Proof of Work and Proof of Stake are two essential parts of blockchain technology. They are consensus mechanisms that control the coordination and maintenance of blockchain technology. This is because blockchain is a distributed ledger of transactions, a recorded data exchange of value.
Therefore, participants must agree on a standardized mechanism for how blockchain nodes operate. Also, they must agree on a proper way to keep this ledger of transactions in order via a consensus algorithm.
Blockchain consensus algorithms preserve the transparency and reliability of the transaction while preventing deliberate cheating in a decentralized manner.
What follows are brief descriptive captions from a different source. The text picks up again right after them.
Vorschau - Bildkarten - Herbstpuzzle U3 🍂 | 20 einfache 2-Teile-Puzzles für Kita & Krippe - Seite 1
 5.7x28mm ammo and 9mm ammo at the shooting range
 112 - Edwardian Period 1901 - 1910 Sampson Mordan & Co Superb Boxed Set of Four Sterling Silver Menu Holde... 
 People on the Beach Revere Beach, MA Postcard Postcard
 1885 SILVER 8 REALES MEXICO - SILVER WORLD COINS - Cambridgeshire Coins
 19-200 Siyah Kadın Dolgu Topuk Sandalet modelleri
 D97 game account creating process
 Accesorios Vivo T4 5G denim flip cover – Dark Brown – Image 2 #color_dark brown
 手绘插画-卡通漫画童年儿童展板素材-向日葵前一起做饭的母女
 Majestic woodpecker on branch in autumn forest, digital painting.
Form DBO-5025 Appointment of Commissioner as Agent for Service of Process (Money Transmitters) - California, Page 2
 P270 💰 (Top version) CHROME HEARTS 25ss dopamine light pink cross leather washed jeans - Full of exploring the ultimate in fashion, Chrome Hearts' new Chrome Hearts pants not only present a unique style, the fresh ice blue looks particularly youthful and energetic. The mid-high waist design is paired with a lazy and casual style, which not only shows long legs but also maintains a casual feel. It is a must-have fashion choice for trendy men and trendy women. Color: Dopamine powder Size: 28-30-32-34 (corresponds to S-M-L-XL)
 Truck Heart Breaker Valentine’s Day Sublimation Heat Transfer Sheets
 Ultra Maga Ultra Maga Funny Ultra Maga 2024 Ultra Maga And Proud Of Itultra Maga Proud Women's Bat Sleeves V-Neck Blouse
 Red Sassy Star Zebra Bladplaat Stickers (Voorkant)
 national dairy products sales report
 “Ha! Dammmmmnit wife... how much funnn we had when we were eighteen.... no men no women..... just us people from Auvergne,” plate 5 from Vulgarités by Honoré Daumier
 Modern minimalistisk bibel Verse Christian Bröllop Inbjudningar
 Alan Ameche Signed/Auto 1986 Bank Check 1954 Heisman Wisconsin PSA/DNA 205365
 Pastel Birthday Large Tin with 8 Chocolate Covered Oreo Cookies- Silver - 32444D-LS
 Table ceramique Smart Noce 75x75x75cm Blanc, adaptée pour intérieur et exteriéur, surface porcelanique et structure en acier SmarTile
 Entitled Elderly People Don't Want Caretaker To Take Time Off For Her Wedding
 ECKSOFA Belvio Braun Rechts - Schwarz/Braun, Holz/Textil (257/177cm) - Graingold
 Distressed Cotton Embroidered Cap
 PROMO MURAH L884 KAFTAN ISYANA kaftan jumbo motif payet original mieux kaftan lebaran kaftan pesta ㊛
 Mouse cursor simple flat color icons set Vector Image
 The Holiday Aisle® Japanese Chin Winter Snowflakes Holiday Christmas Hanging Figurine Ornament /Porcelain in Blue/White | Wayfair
It also aids blockchain networks in agreeing on an authentic and valid transaction.
In this guide, we’ll help you understand proof of work (PoW) vs proof of stake (PoS), how they work, and their pros and cons. Also, you’ll learn the differences and the better option between them.
What is Proof of Work?
Proof of Work is commonly referred to as mining. It is a PoW consensus mechanism where participant nodes earn the right to add new blocks of transactions to the blockchain. PoW is used on some of the more popular (and older) blockchains, like Bitcoin and Ethereum.
It was termed mining or Proof of Work due to its closeness to actual real-world mining in energy consumption. However, despite their vast carbon offset and energy intake, the PoW algorithm provides high security.
Miners use computational power (i.e. miners, graphic cards, etc.) to solve myriads of math puzzles to verify transactions and find a valid block. The goal is to be the first to solve the puzzle for each of the new blocks. Miners fight for the right to verify the next block.
Miners in proof of work blockchains get a predetermined amount of cryptocurrency by the network for securing and keeping it running, called a block reward. The predetermined amounts can change for each new block and depends on a blockchain-to-blockchain basis.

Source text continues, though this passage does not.